Methods: In this study, using a human body FE model with different physiques to reproduce the bone characteristics and skeletal shape of both adults and elderly people, frontal collision simulations within different collision speed ranges were performed. Comparison of chest injuries was undertaken of elderly occupants, which can occur in the middle and low speed range, to adults. Examination of optimum occupant restraint characteristics by seat belts enabled chest injuries of elderly occupants to be reduced to the same level of adults. Then, the effect of reducing elderly occupant’s chest injuries in each physique was confirmed.
Results: The occupant restraint characteristic by the seat belt calculated was able to confirm the chest injury reduction effect of an elderly occupant in each physique in the front collision in the medium to low speed range. In addition, this restraint characteristic combines the restraint characteristics for reduction of chest injuries of elderly occupants with different physiques, and secondary collision damage reduction.
Discussion and Limitations: In this research, focus was on medium and low speed and frontal collision. In order to realize this occupant restraint characteristic, it was necessary to be compatible with occupant protection performance in the collision mode of each regulation. For this purpose, achieving sensing technology to determine the severity of car body deformation at the time of a collision, occupant protection system technology that can change occupant restraint characteristics according to the situation is essential. In order to further reduce the number of deaths, it is necessary to investigate occupant restraint characteristics that can reduce injuries, and look at other measures for reducing chest injuries in the high speed region for each type of collision.

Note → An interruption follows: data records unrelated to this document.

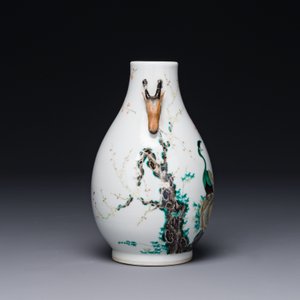 Vase de forme 'hu' en porcelaine de Chine famille rose à décor de paons, marque de Yongzheng, 19ème — photo 2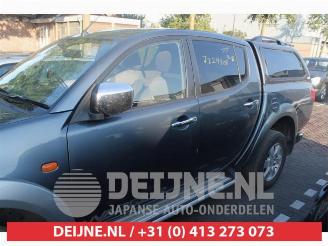 Mitsubishi L-200  picture 2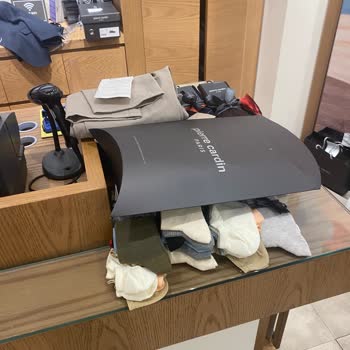 Kullanılmamış Pantolonda Değişim Reddi Ve Olumsuz Mağaza Yaklaşımı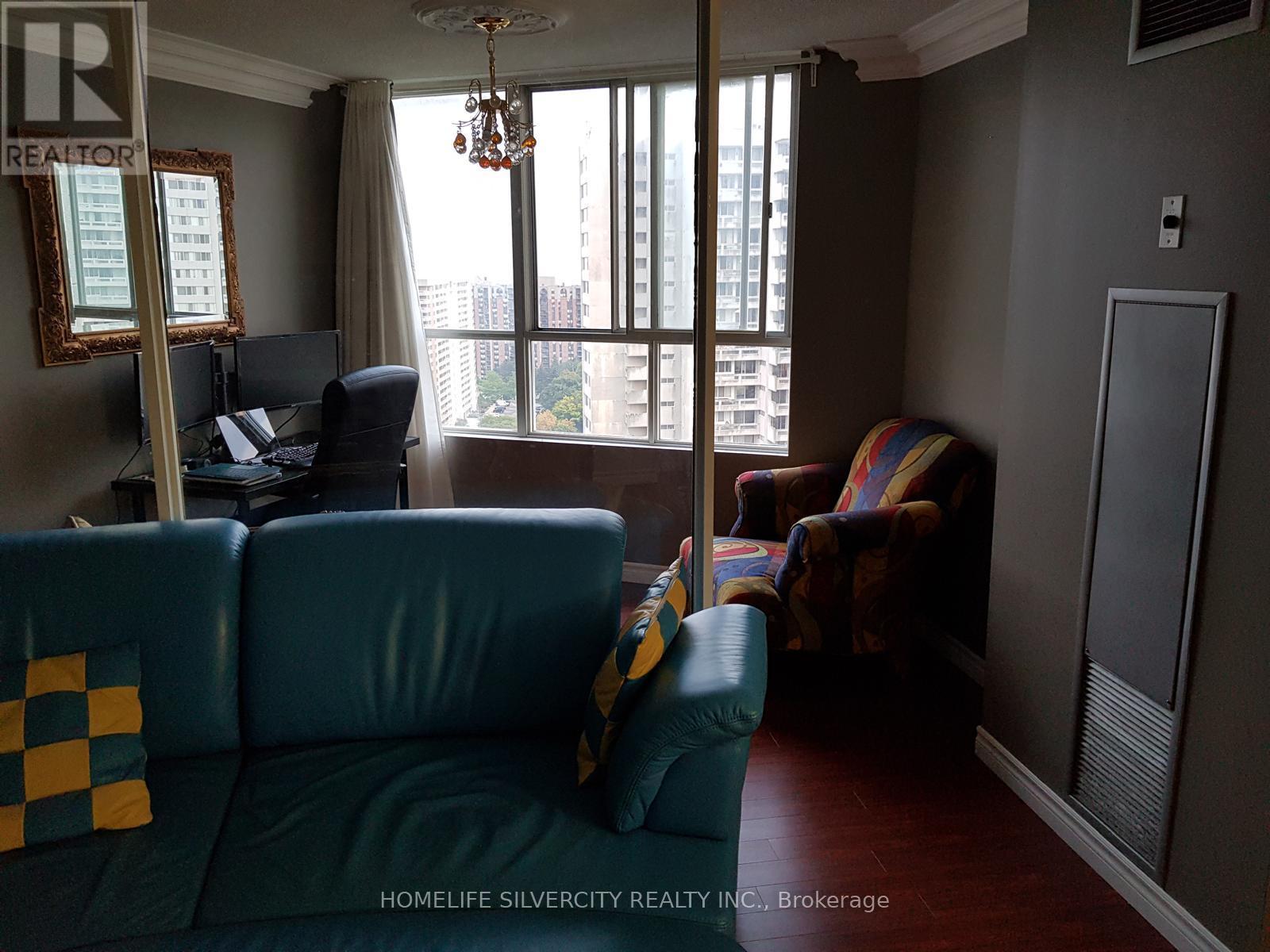 Sph 05 - 3695 Kaneff Crescent, Mississauga, Ontario  L5A 4B6 - Photo 17 - W12982808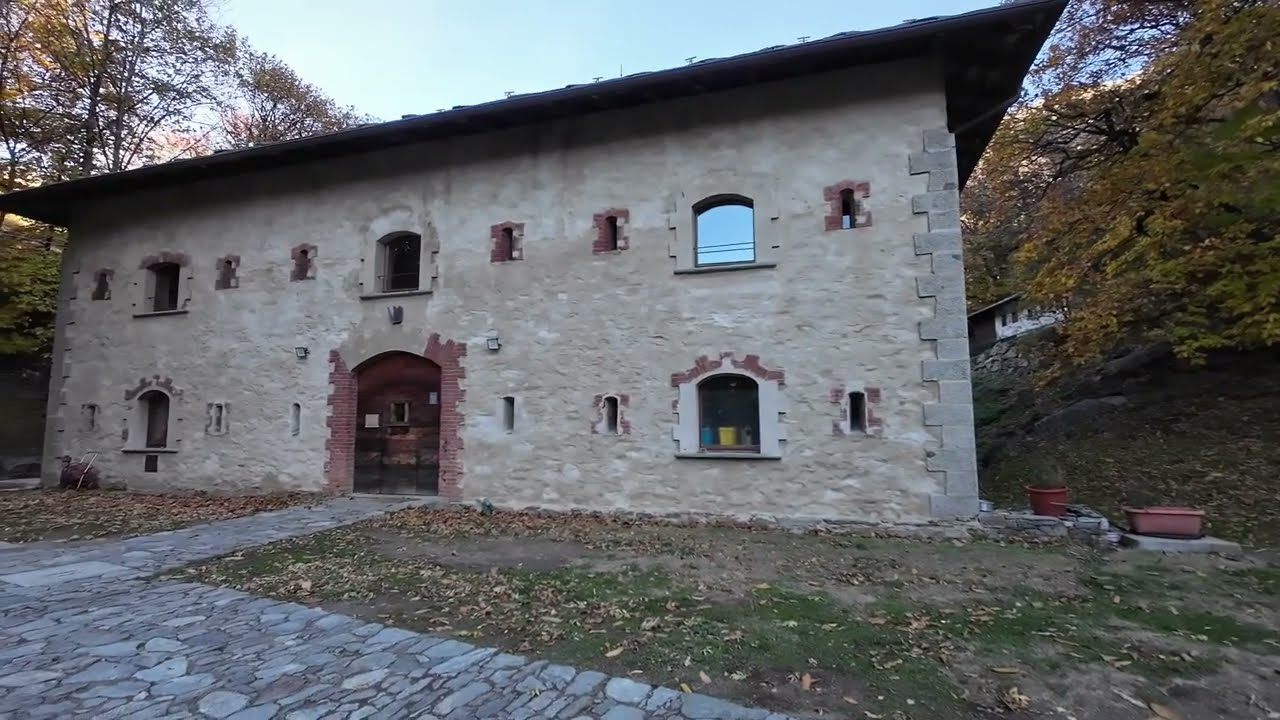 Escursione al Santuario e Forte di Machaby da Arnad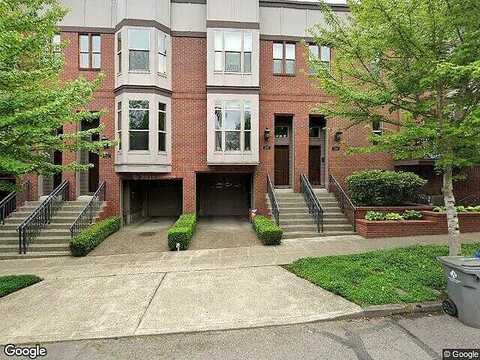 S Pendleton St, Portland, OR 97239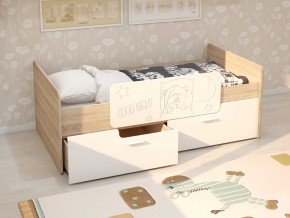 Кровать Умка дуб сонома с белыми ящиками и ограничителем в Миассе - miass.magazinmebel.ru | фото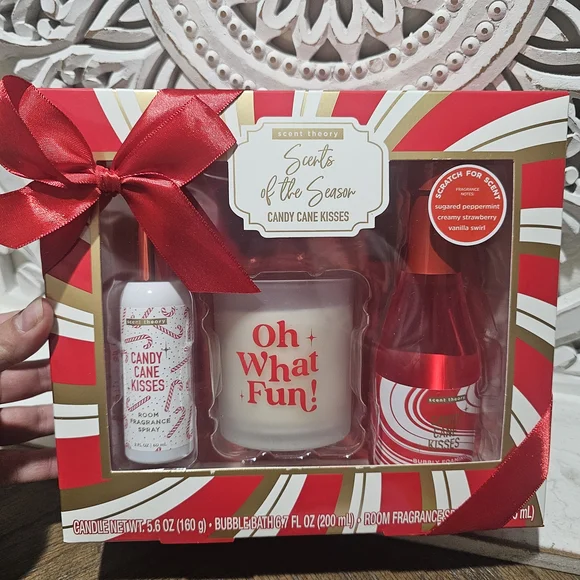 New Candy Cane Kisses Gift Set - Red and White - Picture 1 of 6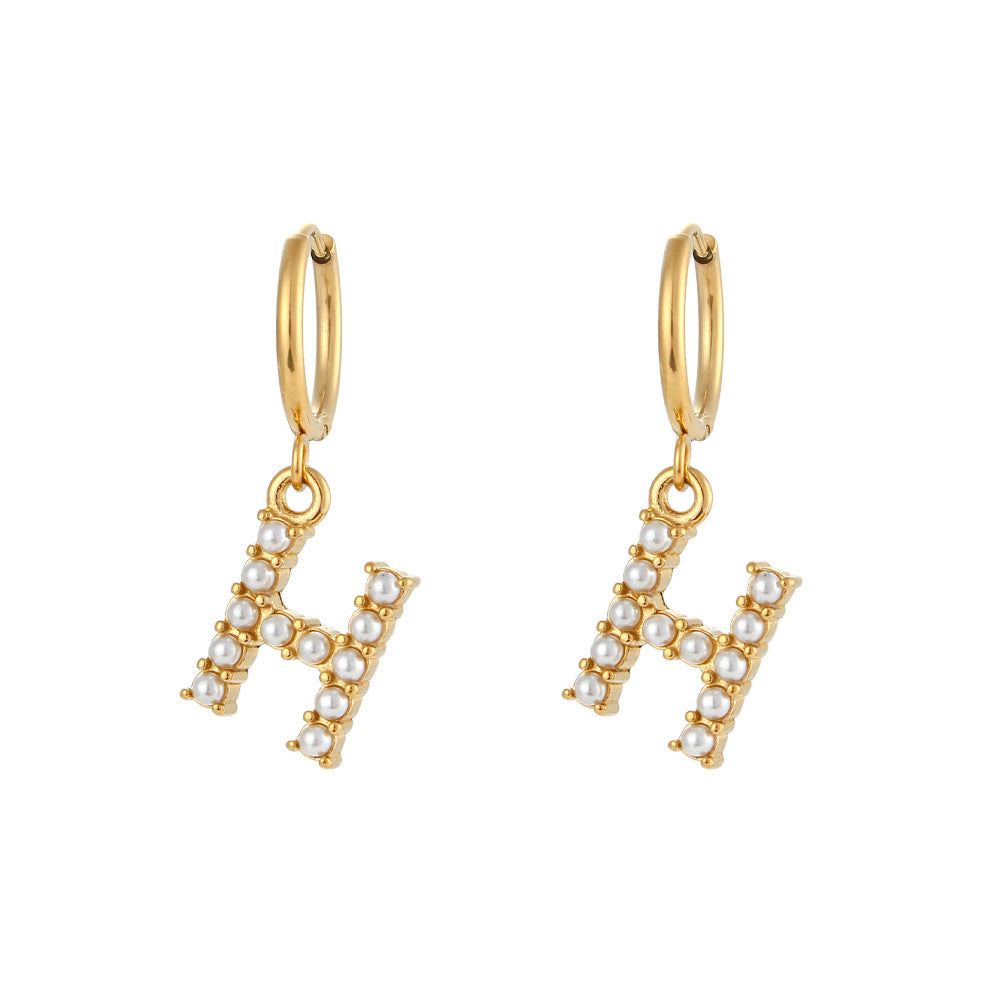 Orecchini a perno a forma di lettera dal design minimalista per donna in acciaio inossidabile con placcatura in oro 18 carati e dettagli in perle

Conclusion: In this study, we used a human body FE model with different physiques to calculate the occupant restraint characteristics necessary for a reduction of chest injuries of elderly occupants and reduction of secondary collision damage in frontal collisions in the medium and low speed range, and confirm the effect. In order to further reduce elderly occupant injuries, as a type of integrated safety technology with more damage mitigation effects, collision prediction technology by evolution of ADAS’s external detection technology uses identification of an occupant’s physique, posture, and age judgment technology It is necessary to evolve protection device technology, which can vary occupant restraining force and time according to situation and occupant.